The market opportunities arising from the novel combination of service and product are limitless. Monitoring the state of endangered buildings and structures for insurance companies is another example. This typically involves multiple site visits by surveyors to perform manual measurements. Now, using remote sensors connected to a control centre via the cellular network, data collection can be automated. This delivers operational efficiencies to the surveying firm, but delivers even greater customer value: the insurance companies get more timely status data which significantly improves their own business process efficiency; and the insured gets the claim settled more quickly.

Closer to home, the M-PESA mobile money transfer service, developed by Vodafone and Sagentia, brings together mobile phones and micropayment services for people in Kenya and beyond.

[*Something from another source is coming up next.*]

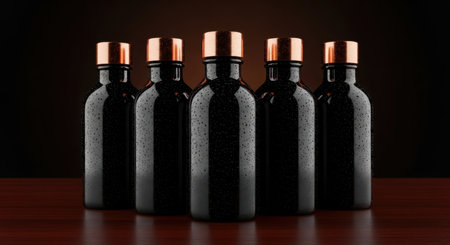 Five sleek black glass bottles with polished copper caps arranged in a row on a dark wooden surface. modern product packaging for beverages, cosmetics, or spirits.の素材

Not only does it deliver a much needed service for phone users – literally changing how people live in the developing world – it has also reduced customer churn for Safaricom, Vodafone’s partner network in Kenya, and created heightened regard for Vodafone and its pioneering work.

We can communicate with our customers more freely, precisely and individually than ever before, but we still need the mindset that asks, ‘What is the ‘borehole’ for my customer? What needs am I in a position to fulfil?’. Sagentia has proven tools and techniques for eliciting unmet customer needs and experience in delivering award-winning service innovation. This might be the ideal time to reach for your divining rod and work out where to sink your next borehole!